Sunday, May 2, 2010


'The immersion into reality itself'

'What is the practical value of 'apocalyptic', of end-time considerations?

It is 'the completion of what NOW is - NOT an escape from it. The wholeness of what we NOW see in part - NOT its repudiation.'

Such Biblical or Prophetic anticipation 'is thus thoroughly practical; it assures us of the reality of all the acts and words whose transcendent sense is disputed and contradicted by the age we live in.' This preoccupation with Apocalyptic 'is not a florid [fanciful] passage tacked onto an end to give a flourish to our rhetoric but 'the immersion into reality itself,' the issue of God's coming Kingdom and its rule in our present life. It has a unique power to stir us to new and greater obedience, deepening our resolve and consecration and 'fortifying us for the long haul… It gives stamina to our courage and energizes our witness - realities that are in strict correspondence with what has already been begun in us and will [assuredly] be completed. This is not a new form of escapism, but the intensification of involvement with God in His [final] purposes by employing the stuff that is in our lives right now.' (From Eugene Peterson’s devotional entitled, The Completion of What Is)

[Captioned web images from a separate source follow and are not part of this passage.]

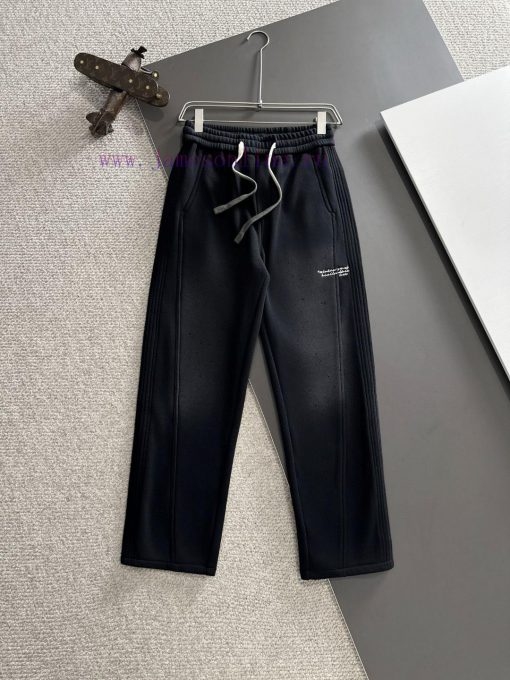 The Next Day's Shipment Of LV 2025 Early Spring New Elastic Band Casual Pants With Plush And Th x7p3jxt3 - Image 2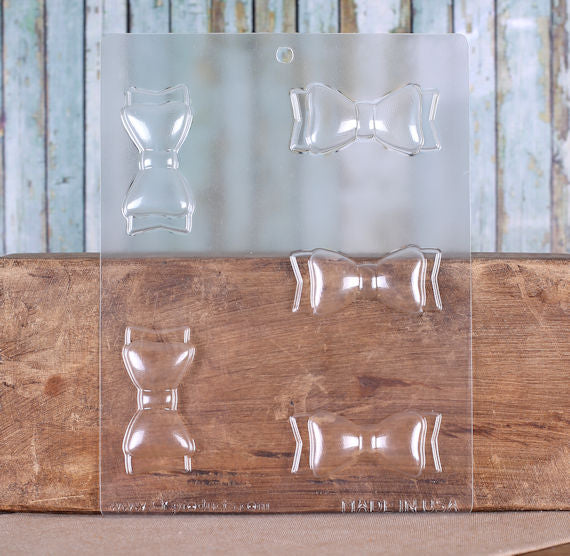 Bowtie Candy Mold | www.sprinklebeesweet.com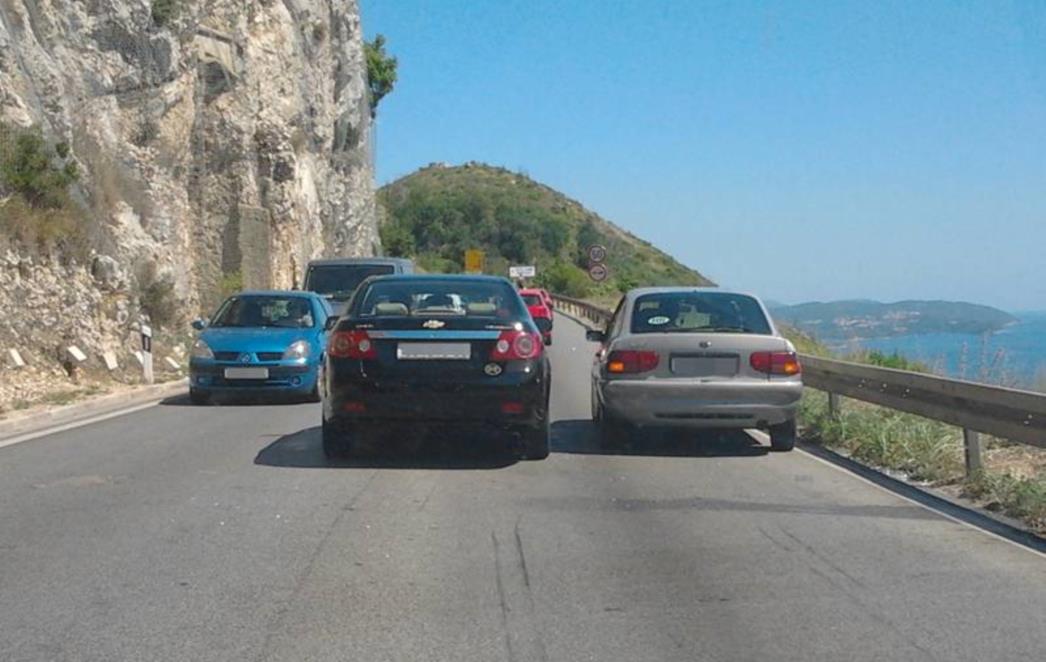 Oštećeni automobil kod Dubca stvarao kolone do vidikovca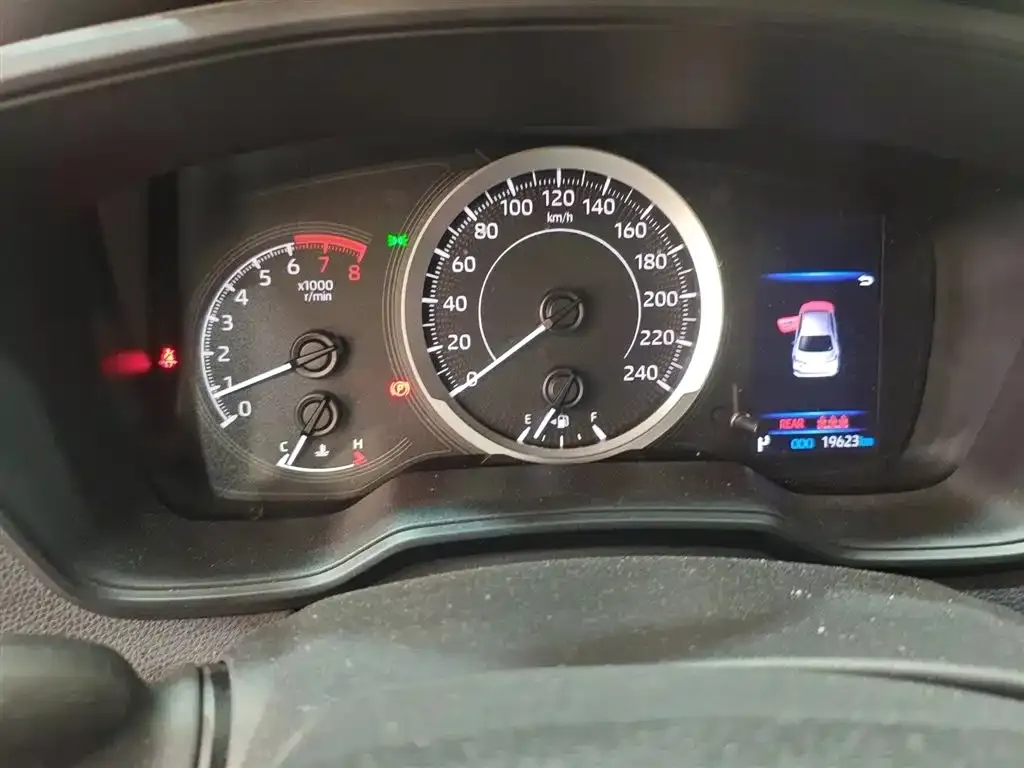 Toyota Corolla 2022 из CN, фото 10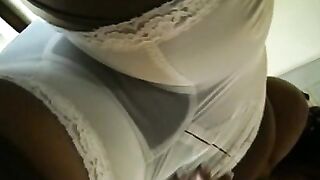 Jeu de porte-jarretelles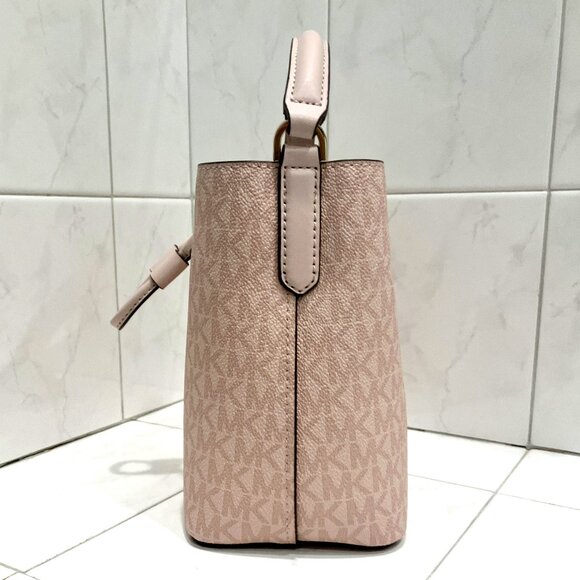 NWT MICHAEL KORS SURI BUCKET DRAWSTRING CROSSBODY BAG SIGNATURE BLUSH - Picture 10 of 12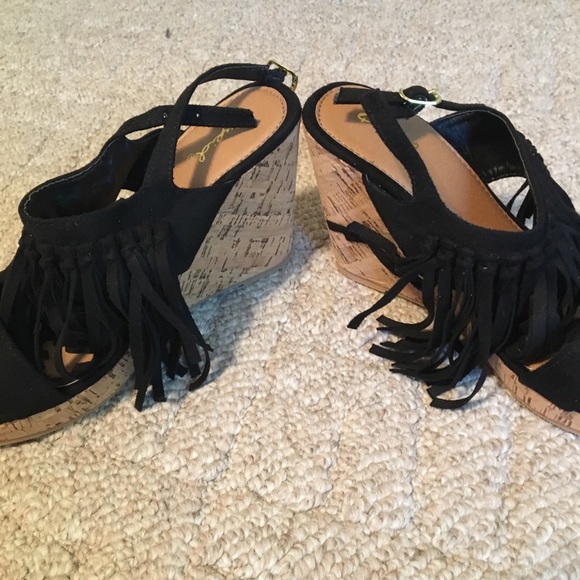 Blk fringe wedge sandals NWOT - Picture 2 of 5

'This preface is appropriate in view of the dire and tragic events of 2001 sounding an ominous note of yet greater dread for the year and decade ahead. It may well be a final decade - or at least it should be lived as if that were so. What greater evils will yet be loosed? What real defense from demonic terror against which the best of societal safeguards might be vain? On the positive side, the issue of God and of the Faith have as suddenly become elevated and central. No longer can believing constitute a mere Sunday addendum, a pleasant amenity in an ordered and secure world. The fellowship of the saints no longer casual affability, but become now the very grit of apostolic living! The wisdom of God in the uncertainty of the future to be had only in the counsel of the many; the 'time to speak to one another in the fear of the Lord' our privilege and our sanity.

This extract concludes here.